Free market theory would hold that industries and companies adapt in the environment that they exist and to changes in that environment.  But, no free markets exist.  In part, this is because the participants in the free markets insist on subsidies, incentives, mandates and protections even while, in the case of the solar industry, often denying the need for them.

As to free will, each individual is a product of the environment from which they sprang and the ongoing multi-dimensional pressures of the world around them.  This is the long way of stating that everyone makes decisions based on a set of circumstances over which they have little control and from a set of preconceptions that insinuate bias into each and every decision – and … this is not a bad thing. It just means that free will is a complex set of decisions often rooted in past experience. Industries, which are filled with individuals, operate much the same way.

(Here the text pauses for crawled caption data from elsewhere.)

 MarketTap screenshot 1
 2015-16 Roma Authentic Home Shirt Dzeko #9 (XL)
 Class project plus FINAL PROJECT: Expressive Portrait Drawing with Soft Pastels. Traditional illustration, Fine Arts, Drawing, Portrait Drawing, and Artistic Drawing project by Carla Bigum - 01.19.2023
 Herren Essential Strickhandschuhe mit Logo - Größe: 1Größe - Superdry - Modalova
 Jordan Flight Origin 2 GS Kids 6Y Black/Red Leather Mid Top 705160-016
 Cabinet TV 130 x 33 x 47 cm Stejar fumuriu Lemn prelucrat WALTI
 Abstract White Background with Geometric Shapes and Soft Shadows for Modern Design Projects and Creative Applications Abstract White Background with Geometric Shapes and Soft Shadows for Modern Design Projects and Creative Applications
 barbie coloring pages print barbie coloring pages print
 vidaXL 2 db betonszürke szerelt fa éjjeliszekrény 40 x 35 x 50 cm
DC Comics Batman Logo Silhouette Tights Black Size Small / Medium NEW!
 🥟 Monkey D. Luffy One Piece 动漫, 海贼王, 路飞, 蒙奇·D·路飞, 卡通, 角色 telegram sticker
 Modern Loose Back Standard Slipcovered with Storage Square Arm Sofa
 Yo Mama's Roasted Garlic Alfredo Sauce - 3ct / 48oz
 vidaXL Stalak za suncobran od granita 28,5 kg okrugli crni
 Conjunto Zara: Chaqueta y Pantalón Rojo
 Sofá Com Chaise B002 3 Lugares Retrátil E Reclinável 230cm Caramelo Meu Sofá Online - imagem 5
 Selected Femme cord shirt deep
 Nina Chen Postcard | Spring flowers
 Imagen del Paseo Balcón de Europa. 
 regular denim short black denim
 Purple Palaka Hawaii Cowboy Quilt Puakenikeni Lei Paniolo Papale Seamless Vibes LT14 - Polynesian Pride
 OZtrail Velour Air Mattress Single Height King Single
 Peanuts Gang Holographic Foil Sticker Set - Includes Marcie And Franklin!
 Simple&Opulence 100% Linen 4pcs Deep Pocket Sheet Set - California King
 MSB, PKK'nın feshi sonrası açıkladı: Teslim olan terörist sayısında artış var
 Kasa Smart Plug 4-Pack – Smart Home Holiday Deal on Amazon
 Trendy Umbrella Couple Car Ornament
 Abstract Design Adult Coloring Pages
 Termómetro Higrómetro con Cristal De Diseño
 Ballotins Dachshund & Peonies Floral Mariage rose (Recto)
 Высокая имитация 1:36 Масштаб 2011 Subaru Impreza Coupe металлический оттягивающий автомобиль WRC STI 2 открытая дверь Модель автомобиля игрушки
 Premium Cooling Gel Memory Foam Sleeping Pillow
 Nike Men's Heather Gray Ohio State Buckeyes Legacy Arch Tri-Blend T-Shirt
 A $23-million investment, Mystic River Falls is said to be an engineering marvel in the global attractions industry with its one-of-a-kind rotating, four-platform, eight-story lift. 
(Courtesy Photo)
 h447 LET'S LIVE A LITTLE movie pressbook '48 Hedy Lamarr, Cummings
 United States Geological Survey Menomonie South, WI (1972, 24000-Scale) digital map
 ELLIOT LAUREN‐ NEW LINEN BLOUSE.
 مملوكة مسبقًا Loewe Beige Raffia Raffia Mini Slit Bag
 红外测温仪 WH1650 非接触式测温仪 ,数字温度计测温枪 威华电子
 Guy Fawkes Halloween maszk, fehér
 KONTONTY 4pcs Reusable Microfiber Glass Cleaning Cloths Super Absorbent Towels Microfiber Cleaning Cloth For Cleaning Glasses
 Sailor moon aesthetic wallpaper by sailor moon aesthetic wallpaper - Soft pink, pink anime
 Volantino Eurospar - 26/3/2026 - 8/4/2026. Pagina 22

The solar industry has a history of fighting for its supports.  This fight comes from a belief held by all participants that they are making a difference. At the same time, the industry has promised that it will not longer need support and will be able to compete against its well supported competitor (conventional energy).

It is a solar conundrum not likely to be solved in the near, mid or long term.



In 47 BC after his rapid defeat of Pharnace, King of the Bosphorous at the battle of Zela, Julius Caesar announced to the senate: Veni, Vidi, Vici – I came, I saw, I conquered.

In just a few short years, China’s PV manufacturers entered global cell and module manufacturing and rapidly dominated it. Since 2002, with annual shipments of 2-MWp, shipments from its manufacturers and domestic PV deployment have grown faster than the global market as a whole to over half of total shipped in 2017.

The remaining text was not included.